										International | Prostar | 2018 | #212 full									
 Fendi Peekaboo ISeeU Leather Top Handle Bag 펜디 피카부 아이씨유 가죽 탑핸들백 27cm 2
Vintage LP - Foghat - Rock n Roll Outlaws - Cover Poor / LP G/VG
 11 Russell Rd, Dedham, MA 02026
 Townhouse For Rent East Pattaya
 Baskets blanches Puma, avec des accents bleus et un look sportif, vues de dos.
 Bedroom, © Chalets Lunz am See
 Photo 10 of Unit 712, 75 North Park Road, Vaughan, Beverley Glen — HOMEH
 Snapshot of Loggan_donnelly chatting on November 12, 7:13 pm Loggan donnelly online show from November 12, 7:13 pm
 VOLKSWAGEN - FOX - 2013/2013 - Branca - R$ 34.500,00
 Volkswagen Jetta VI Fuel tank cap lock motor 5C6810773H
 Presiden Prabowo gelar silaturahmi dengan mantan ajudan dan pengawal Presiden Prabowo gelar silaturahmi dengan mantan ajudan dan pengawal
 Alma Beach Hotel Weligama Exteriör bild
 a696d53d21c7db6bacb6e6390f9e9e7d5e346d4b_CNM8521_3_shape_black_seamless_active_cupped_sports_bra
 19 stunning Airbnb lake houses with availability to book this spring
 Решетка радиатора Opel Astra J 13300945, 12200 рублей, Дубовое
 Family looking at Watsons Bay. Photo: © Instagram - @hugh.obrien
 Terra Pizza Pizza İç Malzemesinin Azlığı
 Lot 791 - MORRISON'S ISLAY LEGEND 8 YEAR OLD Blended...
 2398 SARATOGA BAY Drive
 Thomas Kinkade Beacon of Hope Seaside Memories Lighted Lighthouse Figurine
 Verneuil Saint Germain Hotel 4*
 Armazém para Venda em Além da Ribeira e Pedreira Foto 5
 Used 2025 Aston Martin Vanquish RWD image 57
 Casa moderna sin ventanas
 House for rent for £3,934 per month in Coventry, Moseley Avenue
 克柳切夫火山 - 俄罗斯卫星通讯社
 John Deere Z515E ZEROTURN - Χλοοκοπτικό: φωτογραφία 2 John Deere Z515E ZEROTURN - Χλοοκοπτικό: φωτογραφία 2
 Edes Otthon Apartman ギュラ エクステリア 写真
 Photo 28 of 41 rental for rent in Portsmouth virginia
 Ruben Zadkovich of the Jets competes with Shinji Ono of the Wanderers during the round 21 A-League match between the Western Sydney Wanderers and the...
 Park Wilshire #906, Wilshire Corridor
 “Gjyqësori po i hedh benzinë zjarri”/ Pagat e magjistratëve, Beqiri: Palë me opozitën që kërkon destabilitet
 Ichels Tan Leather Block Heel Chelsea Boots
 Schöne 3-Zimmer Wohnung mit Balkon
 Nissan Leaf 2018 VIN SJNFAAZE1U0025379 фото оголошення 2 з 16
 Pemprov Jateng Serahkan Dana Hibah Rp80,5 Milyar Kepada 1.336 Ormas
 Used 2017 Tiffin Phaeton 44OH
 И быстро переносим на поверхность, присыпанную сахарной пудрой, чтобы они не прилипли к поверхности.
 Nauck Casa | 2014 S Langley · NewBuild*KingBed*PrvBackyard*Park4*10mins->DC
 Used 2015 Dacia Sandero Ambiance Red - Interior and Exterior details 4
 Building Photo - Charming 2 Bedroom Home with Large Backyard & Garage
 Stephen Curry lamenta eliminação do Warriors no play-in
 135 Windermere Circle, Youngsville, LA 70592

* PROMPT *
Lines with the word "Photo" in them should be copied from the preceding records.

* SOLVED PROBLEM *
 Photo 10 of Unit 712, 75 North Park Road, Vaughan, Beverley Glen — HOMEH
 Family looking at Watsons Bay. Photo: © Instagram - @hugh.obrien
 Photo 28 of 41 rental for rent in Portsmouth virginia
 Building Photo - Charming 2 Bedroom Home with Large Backyard & Garage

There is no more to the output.